5×5: Flaneur by Jonny Abraham

5×5 features five photographs by five photographers, usually curated around a specific subject matter, selected by a guest editor.

My name is Jonny Abraham, and I’m a recent graduate of Parsons the New School for Design with a BFA in photography. My most recent body of work, The Nature of the Beast, was landscape photography, which was centered around Baudelaire’s ideas of the flâneur. Travel is inherent in any form of landscape photography. The photographers that I’ve selected are all observers of their respective habitats, again, similar to the flâneur, or “gentlemen stroller of city streets”. Strolling throughout the city provides these artists with a heightened sense of perception, which in turn is conducive to producing landscape images.

You can see Jonny’s work here.

Zuma John Divola 1977
Zuma
John Divola
1977

John Divola produced a series in the late ’70s where he snuck into abandoned houses on the beaches of Malibu and photographed their interiors with a flash. He often spray painted cryptic looking lines on the walls of the houses, as well as throwing objects found in the houses into the photograph. He’s displaying an interaction with his environment.

Southeast corner, Semicoa, 333 McCormick, Costa Mesa (from The new industrial parks near Irvine, California) Lewis Baltz 1974
Southeast corner, Semicoa, 333 McCormick, Costa Mesa (from The new industrial parks near Irvine, California)
Lewis Baltz
1974

Lewis Baltz, also a west coast photographer, shot Los Angeles during the late 60s and 70s. Being a crucial figure in the New Topographics movement, he focused on ideas of how mankind has effected the landscape. His images are quite simple and geometric, with much of his content consisting of structures that are in the process of being built rather than finished buildings.

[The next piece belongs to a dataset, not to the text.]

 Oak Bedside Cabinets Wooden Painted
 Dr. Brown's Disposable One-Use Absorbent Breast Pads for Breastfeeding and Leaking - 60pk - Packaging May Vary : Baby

Los Angeles Adam Bartos 1978
Los Angeles
Adam Bartos
1978

To keep it going with the Californian theme, next up is Adam Bartos. His work almost seems like if William Eggleston grew up in California rather than Memphis. Bartos’ work contains obvious evidence of walking around, often going from interior views to subtle, quiet landscapes. Bartos has been known to say that he began using photography as a tool to observe and “habituating himself to his new environs.” (Suzanne Hudson, Artforum February 2007)

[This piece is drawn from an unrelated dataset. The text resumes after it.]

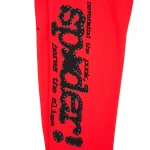 Sp5der P*NK V2 Sweatpant Red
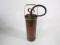 1930s Quick-Aid service department/filling station hand-pump brass fire extinguisher.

from East Broadway Breakdown
Christopher Wool
1994-1995

Christopher Wool is well known for his large scale typographic paintings. He also produced a series of photographs entitled “East Broadway Breakdown” where he shot gritty images of the Lower East Side. The images are very harsh and contrasty, much different from the lush colorful images of the previous photographers, and Wool seems very similar to japanese photographers like Moriyama.

from Summer Nights, Walking Robert Adams 1976-1982
from Summer Nights, Walking
Robert Adams
1976-1982

Robert Adams is the ultimate stroller. Also a key member of the New Topographic movement, his work was made in the west coast of America, with his body of work Summer Nights, Walking was made in Longmont, Colorado in 1985. This book always makes me consider my own neighborhood, and even though my home town is far from Colorado, Adams has seemed to extract the essence of solitary night-time strolls.